Title – The Lobster (2015)
Director – Yorgos Lanthimos (Dogtooth)
Cast – Colin Farrell, John C. Reilly, Rachel Weisz, Ben Whishaw, Olivia Colman, Léa Seydoux, Michael Smiley, Angeliki Papoulia
Plot – In the near future humans are required to partner up or be turned into animals if they fail to do so. David (Farrell) finds himself at a matchmaking hotel and quickly running out of time to partner up but could a wood dwelling women (Weisz) offer him a chance of salvation?
“Lobsters live for over one hundred years, are blue-blooded like aristocrats, and stay fertile all their lives. I also like the sea very much”
Review by Eddie on 10/05/2016
If you’re chasing your movie meal to be served up well and truly above medium strange with an added dollop of weird sauce and odd and odder sides, then my goodness is Yorgos Lanthimos’s The Lobster the feast you’ve been seeking.

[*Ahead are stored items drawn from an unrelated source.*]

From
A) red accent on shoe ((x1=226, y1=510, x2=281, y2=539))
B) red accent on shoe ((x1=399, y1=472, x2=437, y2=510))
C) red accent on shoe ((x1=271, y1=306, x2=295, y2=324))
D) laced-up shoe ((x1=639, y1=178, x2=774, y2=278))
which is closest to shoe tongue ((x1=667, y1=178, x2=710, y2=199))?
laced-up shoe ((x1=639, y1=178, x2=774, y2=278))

One of the most downright bizarre yet somehow never less than engaging experiences of recent times, The Lobster takes the viewer into a darkly comically alternative existence where humans are to be matched with partners in hotel matchmaking or face the prospect of being turned into an animal of their choice and if you think that synopsis sounds cuckoo wait until you witness the final product.
Playing it deadpan and never once letting up on its game of oddities, The Lobster sees a game and capable cast play out numerously amusing scenarios from hunting other humans in the woods with tranquiliser guns, partaking in creepy hotel dances or having hands be placed in toasters, Lanthimos isn’t afraid to put his named cast through the wringer and many actors are the best they’ve been in years.

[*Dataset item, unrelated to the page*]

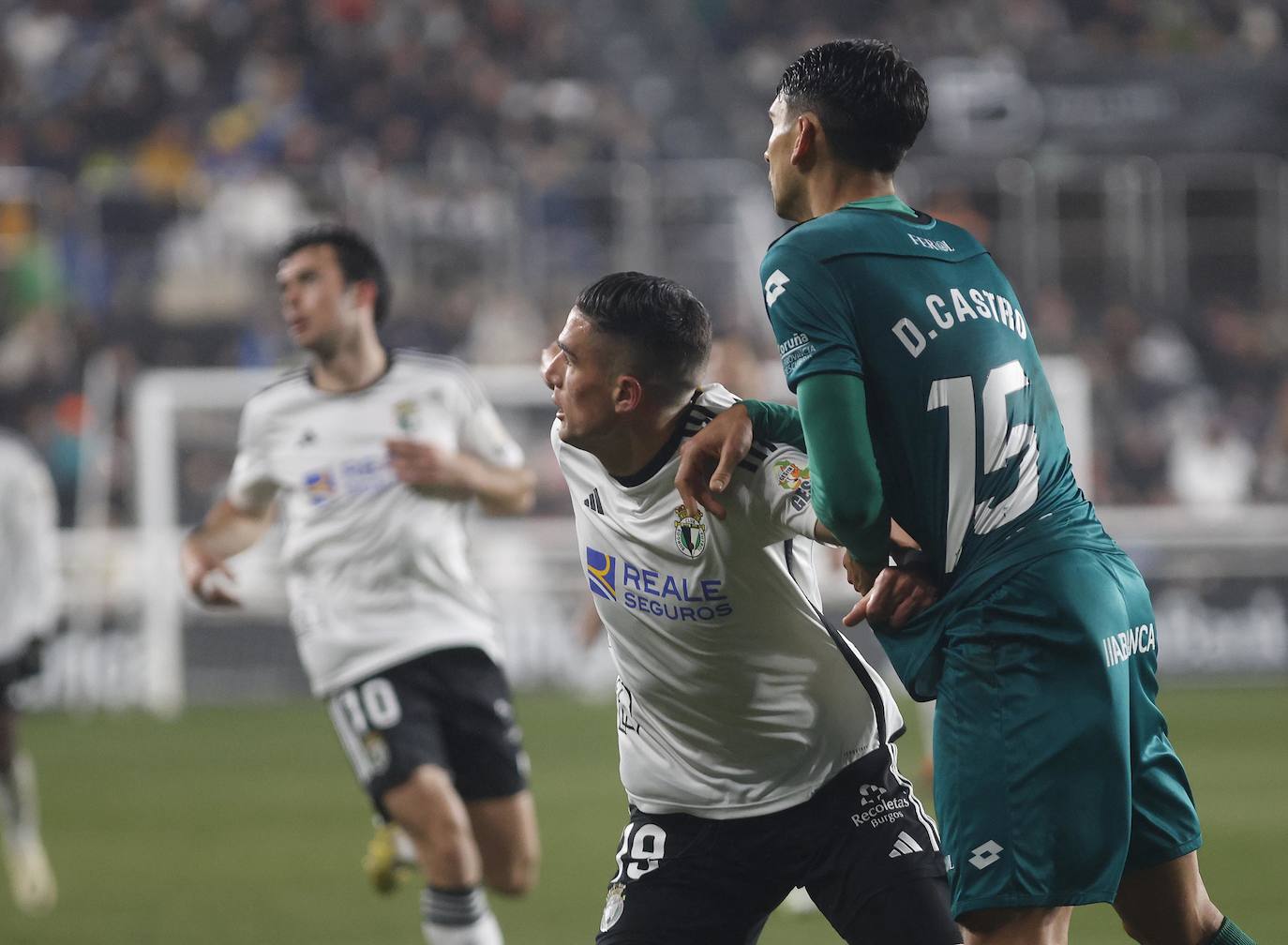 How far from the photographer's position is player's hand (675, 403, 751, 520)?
3.57 m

The comedic talents of actors like Colin Farrell and John C. Reilly (here sporting a lisp) are well known and the two gentleman acquit themselves well with equally thankless roles but Lanthimos also finds gold out of performers like Ben Whishaw, Rachel Weisz and Olivia Colman in roles that require them to remain straight faced even though what they’re getting up to is anything but “normal”. Especially there are particular joys and amusements to be found early on here as we’re introduced to each of these abnormal characters and as we get thrown into this bizarre world you can’t help but laugh no matter how dark things are actually getting and how little you actually understand about what on earth is going on.
For fans of Charlie Kaufman and even select Wes Anderson films, The Lobster will likely become a new favourite and will quite possibly be a beloved cult classic as the years draw on from its discoveries on home video formats and while Lanthimos’s film loses some steam from a midway point shift in focus, The Lobster is about as original and often hilarious a film as you’re likely to get in today’s movie climate.